The “true” geminated el still does not exist; and the standard geminated el has no alternative anymore: it is a compound of two unique 004C (or two unique 006C) and a unique, but multi-use, 00B7 between them.
* Nothing seems to worry anyone; nobody cares.
* Well, not quite. From the nineties onwards, a few local voices start to draw some attention to the geminated el of digital times. Complaints grow and crystallize in new platforms such as the World Wide Web. There, in 2005, the ICANN approves the Internet domain /.cat/ —and /.cat/ allows the registration of names that bear “Catalan glyphs” like accentuated vowels, ce cedilla… and the geminated el. (Or something of the kind: they also offer /el/ + /hyphen/ + /el/ as an alternative to the geminated el for tokenization reasons.)
* Touchscreen keyboards follow suit. In the worst of cases, here —Catalan configuration provided— the middle dot appears as an option in the /dot/ key.
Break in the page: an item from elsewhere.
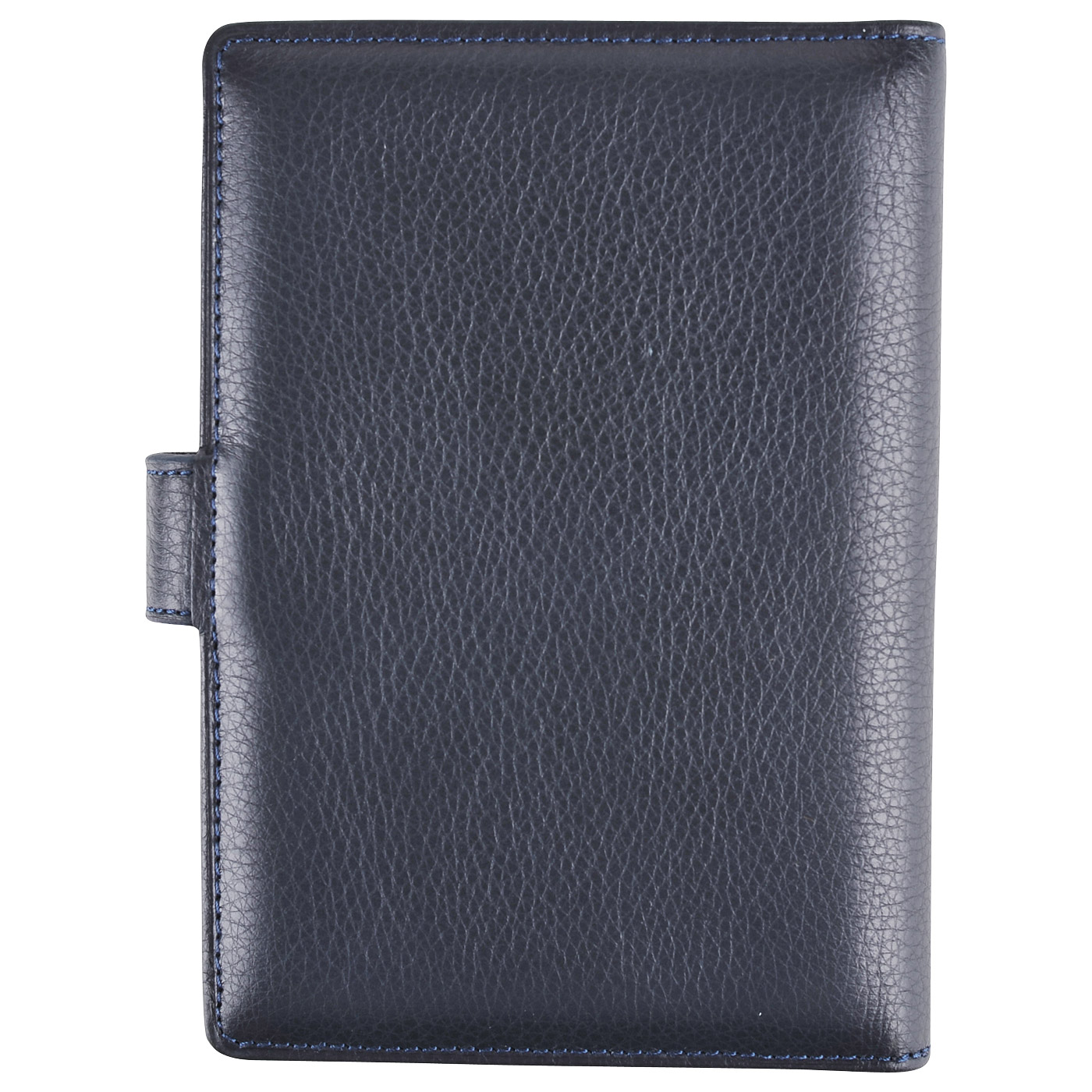 Обложка для автодокументов Stevens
In the best of cases, the one-piece geminated el appears as an option in the /el/ key. Some might say that this is all very well, sufficient, more than we had, even a lot. But in either case they are only options —alternatives to widely acknowledged characters.
SECTION 2. PROBLEMS
15 THE GEMINATED EL TODAY
* [This should do as an overall view of the issue; we can move on now to tackle the main problems.]
* But first let’s retrieve summary note #1: The geminated el has such a specific usage; stands for such a (double) sound; has such graphic properties.
* As to pronunciation, let's say that we generally stress it less than we used to.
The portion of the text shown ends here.